10. Het mondstuk/>
10.3 De onderdelen
De ring met zijn beide randen bepaalt het comfort voor de lippen van het moderne mondstuk. Een dikkere rand biedt meer comfort, maar is minder flexibel voor de amplitude van de lipuiteinden. De cup is na de keelholte en mondholte een derde luchtbuffer. In de Middeleeuwen had men niet meer dan een ronde kelk ter beschikking. Daarna is de cup gemodificeerd. Het verloop van de cup is bepalend voor de luchtsnelheid. Is de cup vlak, dan is er een hoge druk en verlaat de lucht moeilijker het mondstuk. Is de cup diep en rond, dan verlaat de lucht makkelijker het mondstuk. Is de cup echt conisch, direct taps naar nauw toelopend, dan verlaat de lucht gemakkelijk het mondstuk, wat voor een bugel en in mindere mate voor een cornet van belang is.
De double cup is een mondstuk met in feite twee cups achter elkaar. De overgangsrand geeft een extra versnelling aan de luchtmoleculen en wordt vaak toegepast voor het hogere, schrille werk. Louis Armstrong imitators gebruiken dit soort mondstukken vaak voor het beroemde L.A. in zijn toon.

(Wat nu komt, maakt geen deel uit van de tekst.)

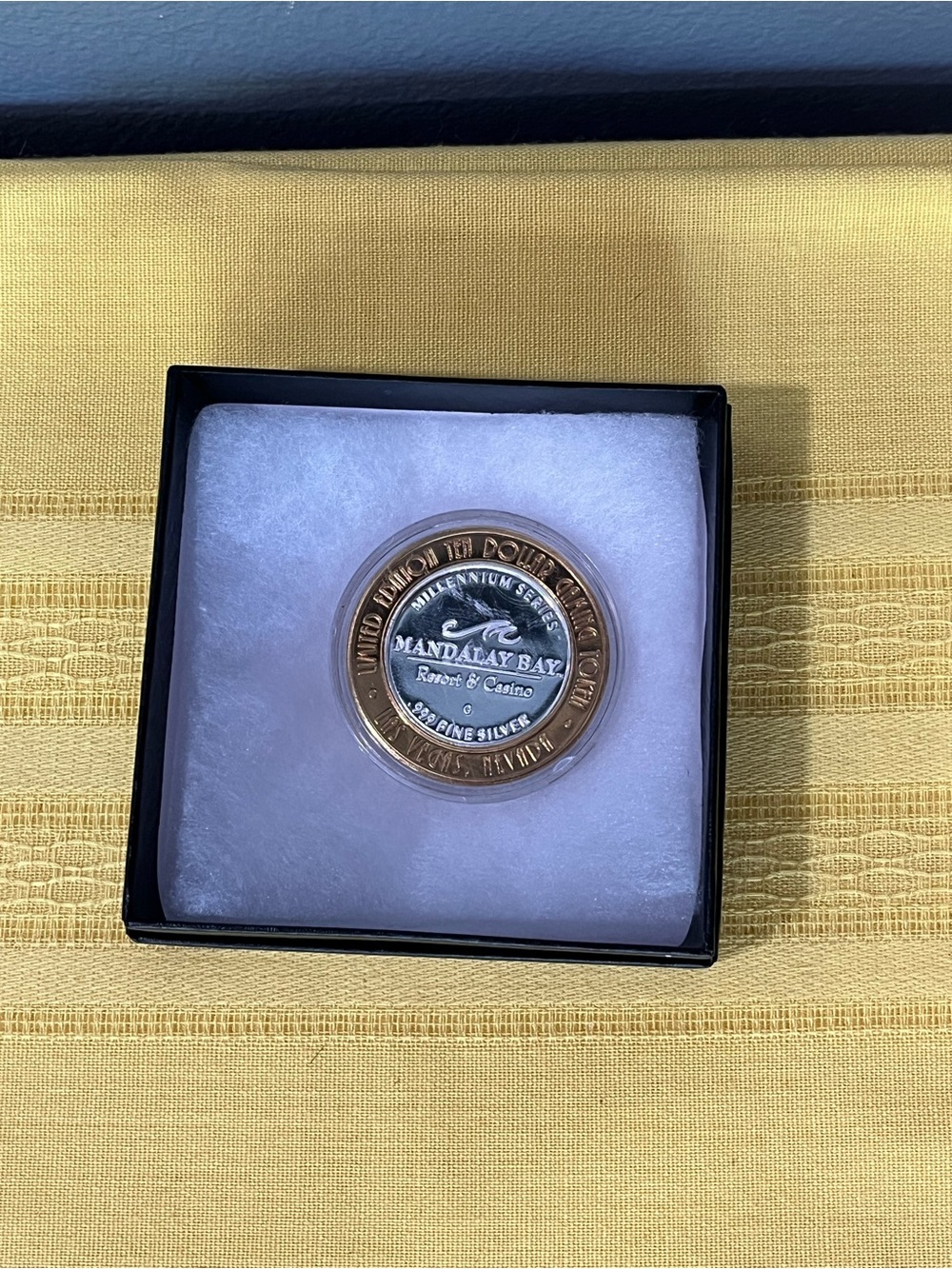 Vintage Mandalay Bay $10 Silver Strike 1999 Parrots Gift Set - Las Vegas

De boring, de doorgang naar de backbore, is mede bepalend voor de luchtdoorgang, de drukopbouw en het volume van de toon. Er zijn talloze combinaties mogelijk en iedereen moet zuiver individueel een keuze maken. Hoe meer variaties, hoe meer keuze en hoe gemakkelijker voor de blazer. Hoe scherper de breekhoekcoëfficient tussen cup en boring is, hoe scherper de toon zal worden als gevolg van het Bernouilli-effect.
De backbore is het uitgeboorde deel in de schacht. Hoe verder het uitgeboord is, hoe meer aanzuigende werking uit de cup van het mondstuk naar het instrument komt. Dit is geschikt voor mensen met veel lucht. Hier hoort een grotere, bredere klank bij.
Voor de uitgebreide fysica verwijs ik naar hoofdstuk 20 van Arthur H. Benade´s “Fundamentals of musical acoustics”. Uitgever is Dover Publications Inc., New York. ISBN 0/486/26484 X. In het hoofdstuk over fysica behandel ik de belangrijkste aspecten.